One was particularly responsive. Marcus Jodin, the managing director of BK Hacken, one of the largest men’s teams in Gothenburg, had seen the news that Kopparbergs would be closed, but hadn’t thought too much about it. “We were very busy,” he said. “We tried to complete a big transfer for the men’s team.”
However, his phone was soon pinging messages from colleagues and friends. “They said this could be an opportunity for us,” he said. Hacken had a strategic plan to increase his investment in the women’s game – his women’s team was in Sweden’s third division at the time – to become a “balanced club between men’s and women’s sports”.
When Fhager called Hacken on the afternoon of December 29th, Jodin was ready to listen. The next day, team officials discussed the idea at a meeting of Hacken’s board of directors. Although taking on another team was anathema, the appeal was clear.
Part of Jodin’s reasoning was financial. “The economy of women’s football is moving very quickly,” he said. “If it takes five to seven years to get to the top level the normal way, where is the economy?

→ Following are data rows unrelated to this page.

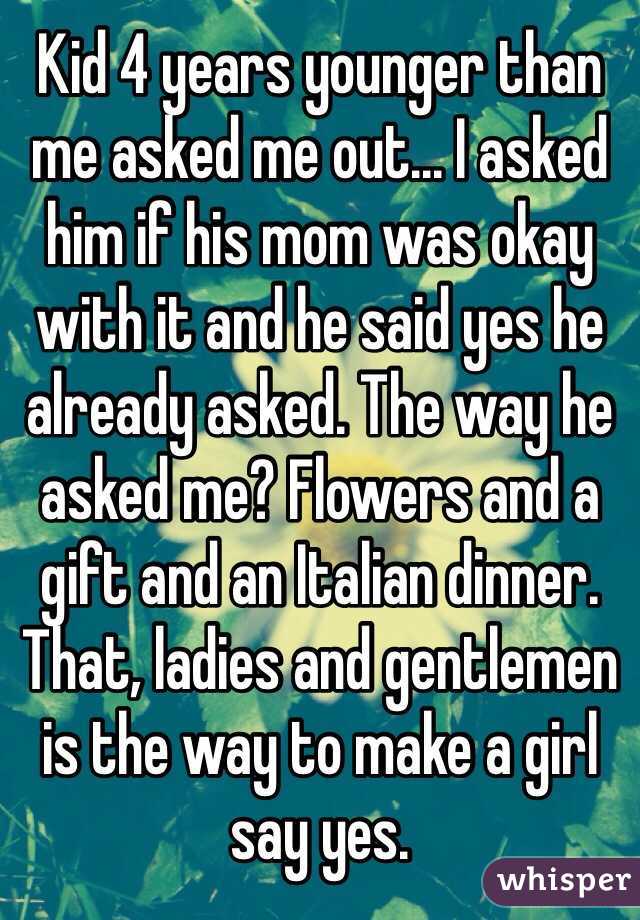 Kid 4 years younger than me asked me out... I asked him if his mom was okay with it and he said yes he already asked. The way he asked me? Flowers and a gift and an Italian dinner. That, ladies and gentlemen is the way to make a girl say yes. 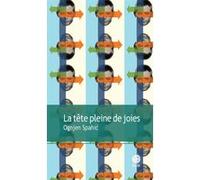La tête pleine de joies Ognjen Spahic (Auteur), Alain Cappon (Traduction)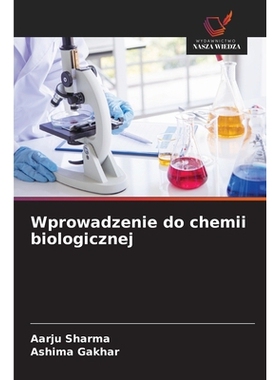 预订 Wprowadzenie do chemii biologicznej: 9786209167362
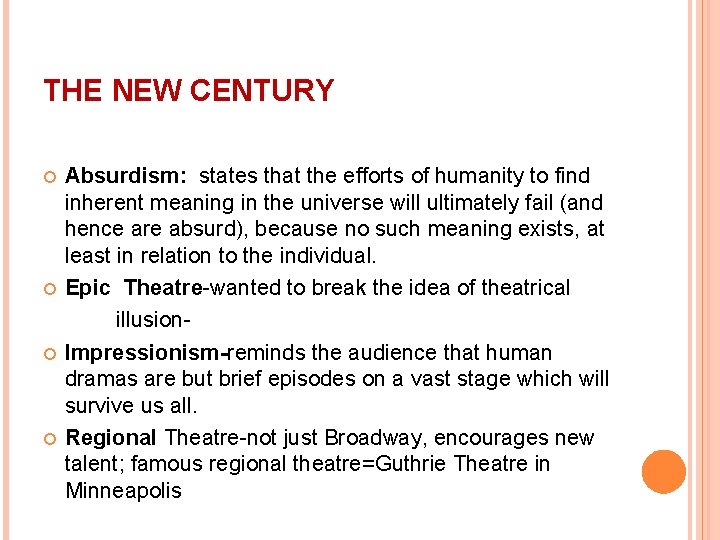 THE NEW CENTURY Absurdism: states that the efforts of humanity to find inherent meaning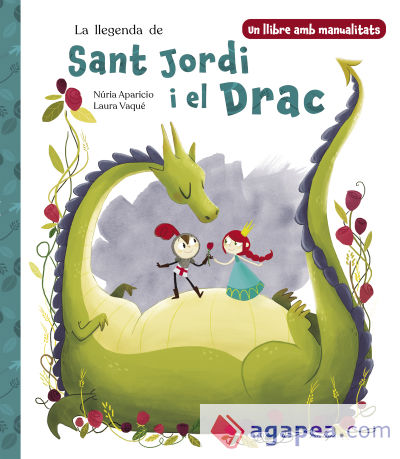 LA LLEGENDA DE SANT JORDI I EL DRAC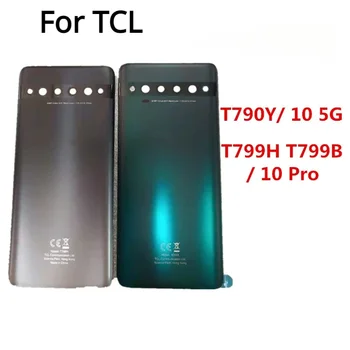 Корпус за TCL 10 Pro T799H T799B / 10 5G T790Y Ремонт на капака на батерията Замяна на задната врата Телефон Заден калъф + лого лепило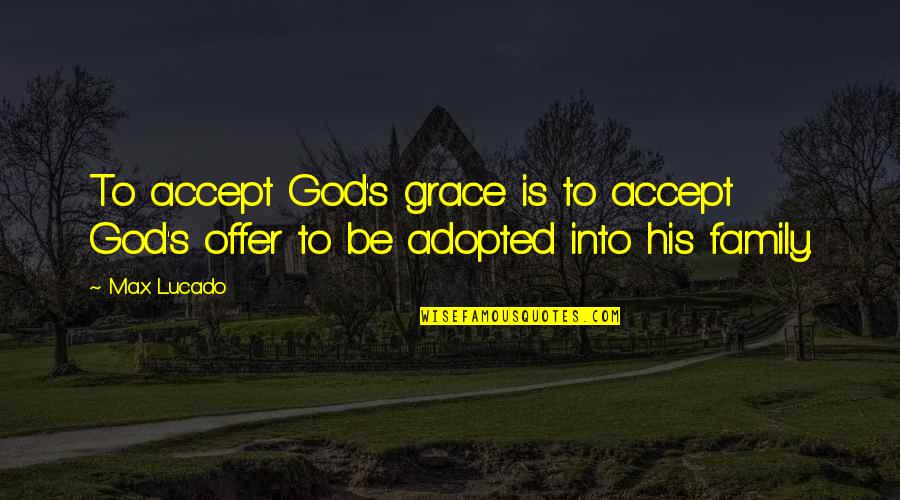 Adopted By Grace Quotes By Max Lucado: To accept God's grace is to accept God's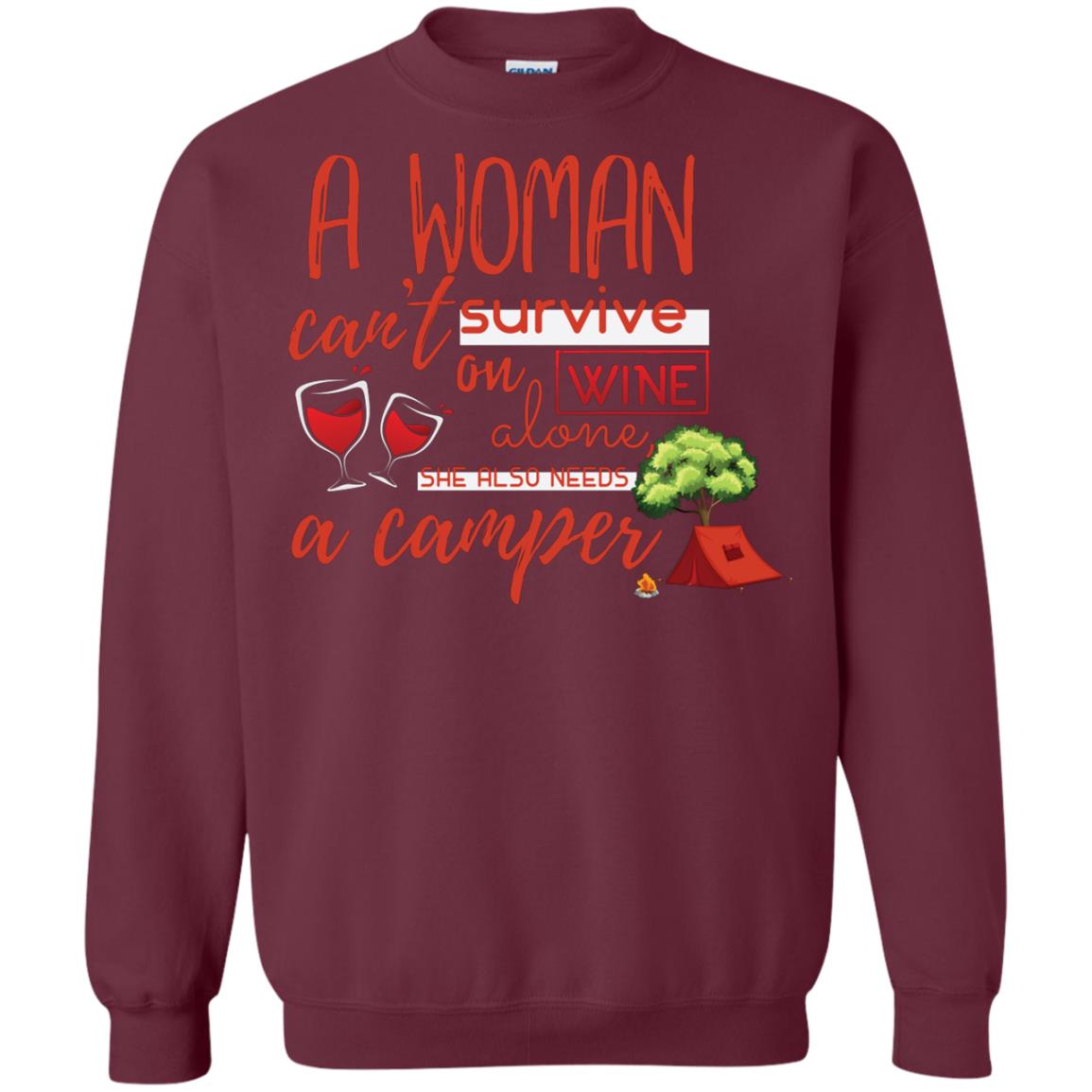 A Woman Cannot Survive On Wine Alone, She Also Needs A Camper Shirt Maroon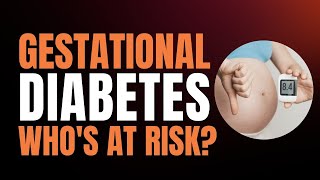 Are You at Risk for Gestational Diabetes Key Symptoms and Risk Factors to Watch During Pregnancy [upl. by Anastas697]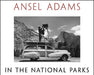 Ansel Adams in the National Parks: Photographs from America's Wild Places by Ansel Adams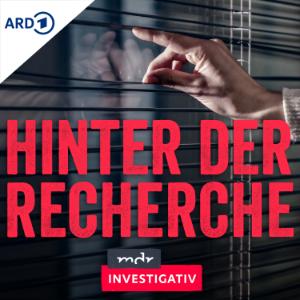 MDR Investigativ - Hinter der Recherche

Do we have the time and money to wait that long? “
But part of it was also moral. Without Kopparbergs, Gothenburg would not have an elite women’s team. “The club was founded to give girls in town the opportunity to dream,” said Jodin. “And this dream cannot move to Malmö.”

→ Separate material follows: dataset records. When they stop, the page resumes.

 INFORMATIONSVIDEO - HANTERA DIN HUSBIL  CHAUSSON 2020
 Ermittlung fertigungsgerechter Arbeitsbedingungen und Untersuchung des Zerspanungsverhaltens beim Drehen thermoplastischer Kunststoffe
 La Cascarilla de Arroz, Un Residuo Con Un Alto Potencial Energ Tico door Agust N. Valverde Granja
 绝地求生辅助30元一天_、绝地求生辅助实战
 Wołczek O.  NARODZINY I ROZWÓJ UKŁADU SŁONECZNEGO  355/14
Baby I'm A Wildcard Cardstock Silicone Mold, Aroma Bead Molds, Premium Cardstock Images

With the support of the board, he set about not only introducing the idea to club members, addressing all their “questions and fears”, but also getting hacking ready if they agreed. “We wanted the players to notice a change from day one,” said Jodin. “They went through a nightmare and lost their jobs and their income. If we weren’t ready for them, we would have failed. “
The merger was voted on at the end of January, as all decisions of all Swedish clubs have to be taken. Ninety-two percent of Hacken fans agreed: the club would take over the Kopparbergs’ players, their commitments and their place in the league. The team would change their name and jersey. All that would be left of a quarter of a century of history was the number of the non-profit organization under which Kopparbergs was registered.
It’s a happy ending for everyone involved. “There were only two alternatives,” said Jodin. “Either the club closed and the players left or they became part of heels.”
Fhager said most of the fans he spoke to were delighted: “The Kopparbergs idea was to give Gothenburg an elite team that girls can target. It still has. “
For Rubensson “everything feels good.”
“The size of the organization and facilities are the main difference,” she added. “We were very well received. We believe this will be a very good step for us at a time when Swedish teams need to improve in order to be successful in Europe. “
For them, as for everyone else, this is the future. The Kopparbergs and the teams that like it are a thing of the past.